I figured that this is what we need to do:

(a) Have some sort of persistent counters for each of the conditions1-6.
(b) read the counter (should I put it in the survey table? I have access to the mySQL database. Can I do it through Lime or should I just create a survey and add a field in the survey table through mySQL frontend?)
(c) Implement the matrix in some way (probably simplest if I construct a string). Something along the lines of (pseudo language)
RequiredResponses = 100
ConditionNumbers = '[ '
if Counter1 < RequiredResponses) then ConditionNumbers = ConditionNumbers + '1,'; Counter1 = Counter1 + 1;
if Counter2 < RequiredResponses) then ConditionNumbers = ConditionNumbers + '2,'; Counter1 = Counter2 + 2;
...
If ConditionNumbers = '[' then Exit and tell people thanks for paritcipating, but the survey is now closed. /* This means all conditions have been met
If CondtitionNumbers <> '' /*this means at least one condition is still available, because I am adding to a string I need to replace ',' with ']'.


My Questions:
- Is my method too complicated, and could be done in a much simpler way?

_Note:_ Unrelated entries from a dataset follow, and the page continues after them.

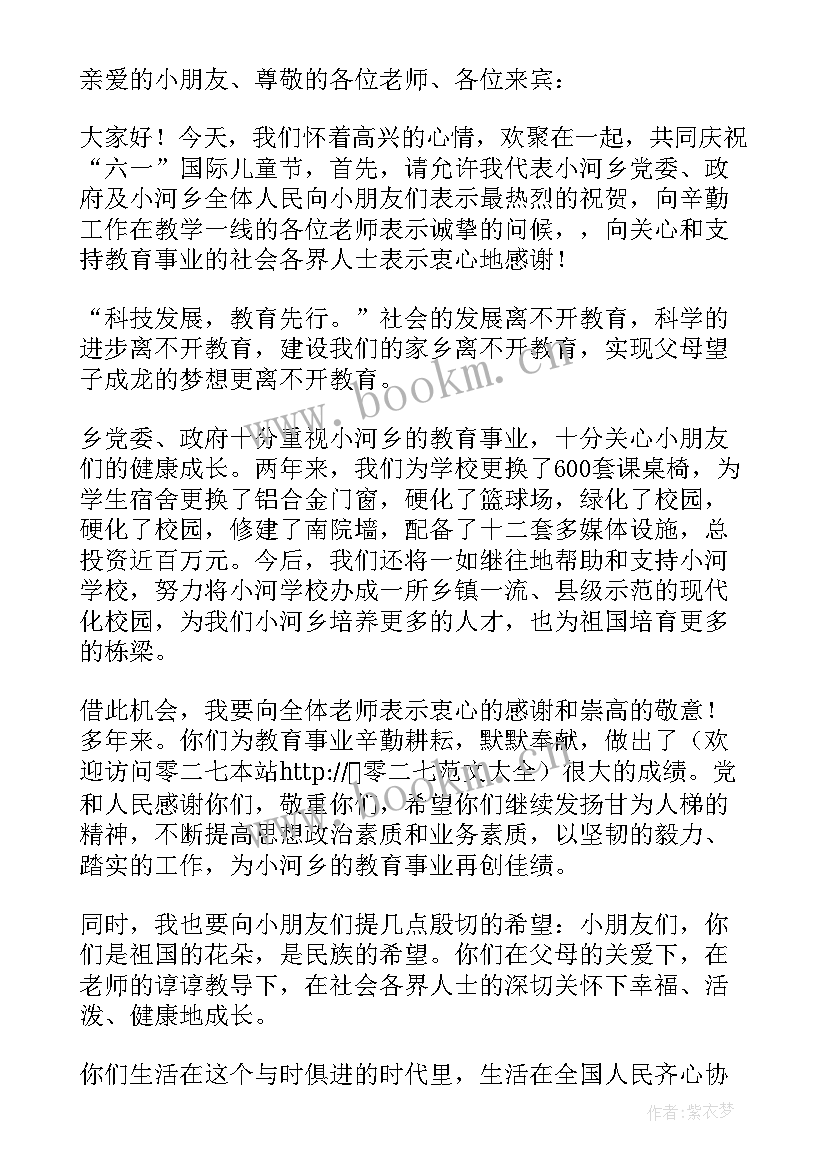 2023年庆六一乡领导讲话稿 六一乡镇领导讲话稿(大全8篇)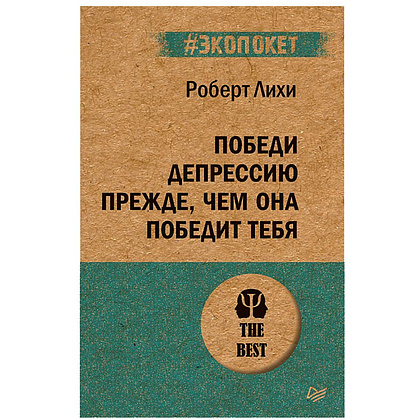 Книга "Победи депрессию прежде, чем она победит тебя (#экопокет)", Роберт Лихи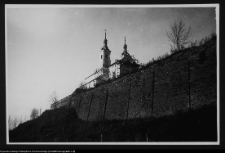 Wigry : zesp&oacute;ł klasztorno-kościelny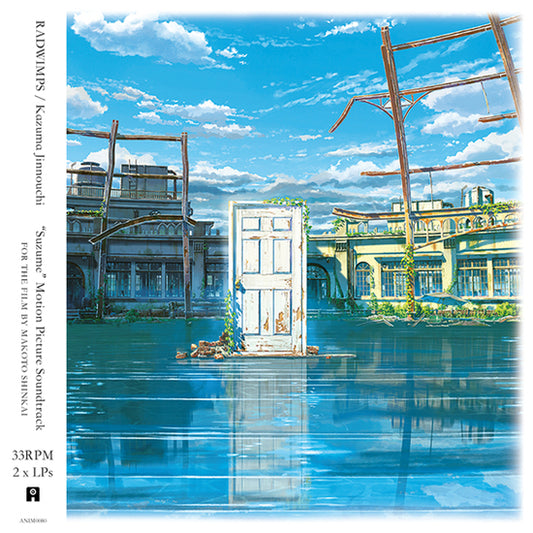 Radwimps - Suzume Soundtrack Vinyl Record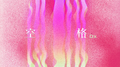 空格专辑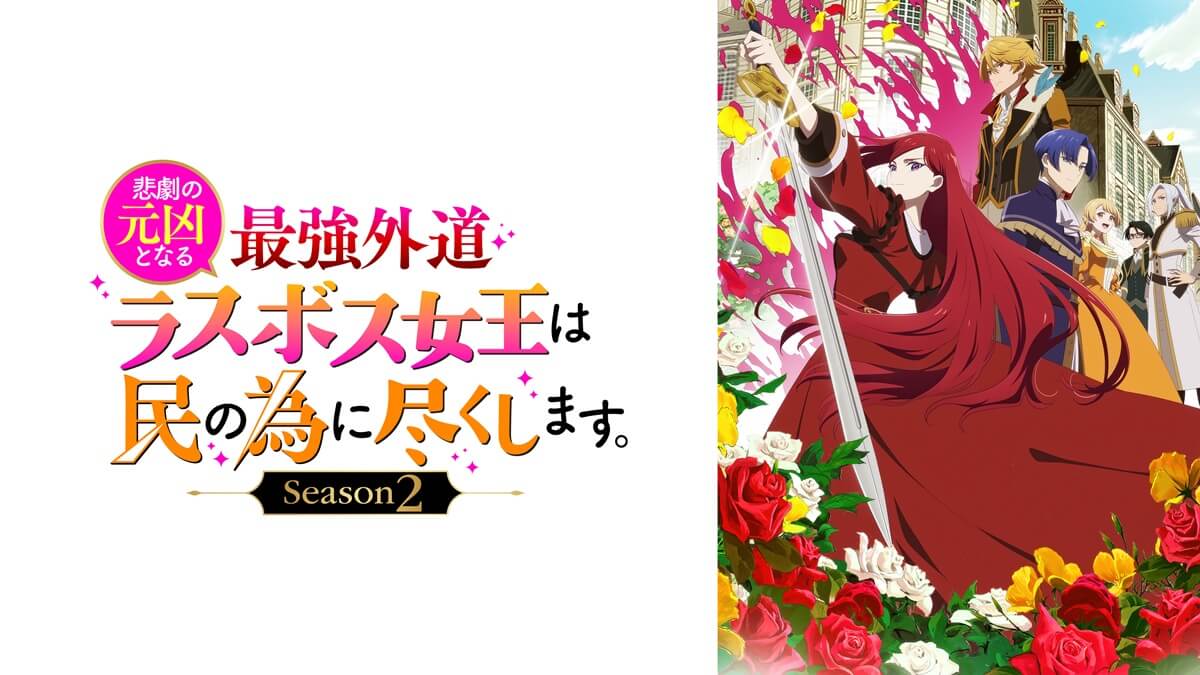『悲劇の元凶となる最強外道ラスボス女王は民の為に尽くします。Season２』メインビジュアル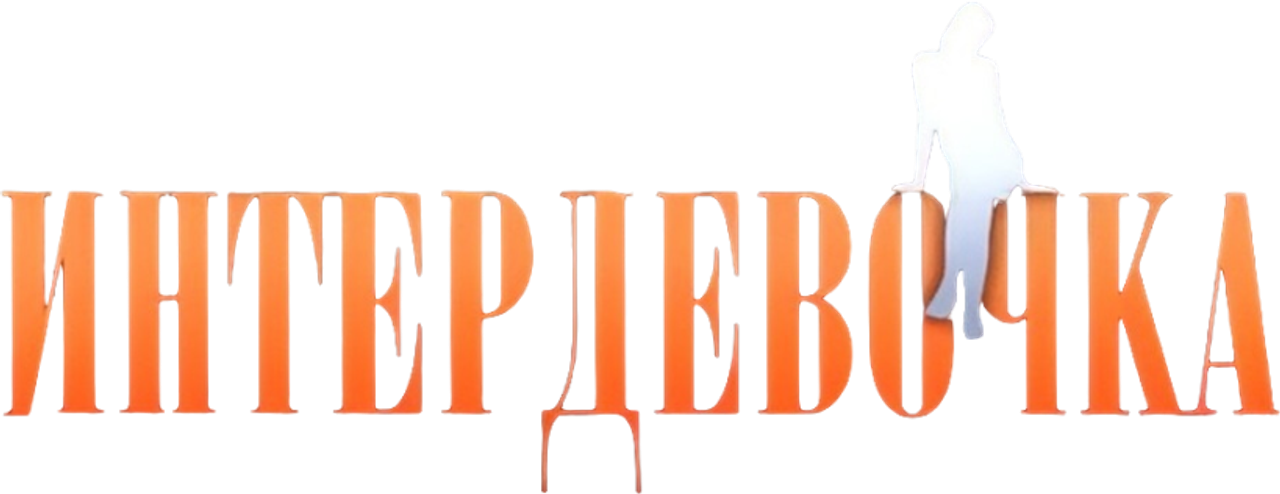 Интердевочка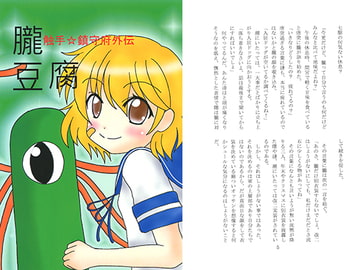 触手☆鎮守府外伝 朧豆腐 [竜華亭]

- In case I am doing it right (tm) at least slightly, then my questions are:
- How do I implement persistent counters?
- how do I read them in javascript?
- How do I construct the ConditionNumbers array? In other words, is there a simpler way than converting it to string and back?
- How do I write the counters back in Java?

Thank you so much for your time and staying with me until the end. All your help would be greatly appreciated.

David
The topic has been locked.
More
9 years 1 week ago #118039 by jelo
I would keep it simple. Just generate a random number and choose the different branches with conditions on the random number.

Since you cannot be sure, that probands finish your survey, you shouldn't need to implement persistent counter. You might tweak the random generator to ensure a better distribution between 1-6. It perhaps depends on the PHP version used, but sometimes I got the impression that 1-3 is more often than 4-6. But even without tweaking you will get a good distribution.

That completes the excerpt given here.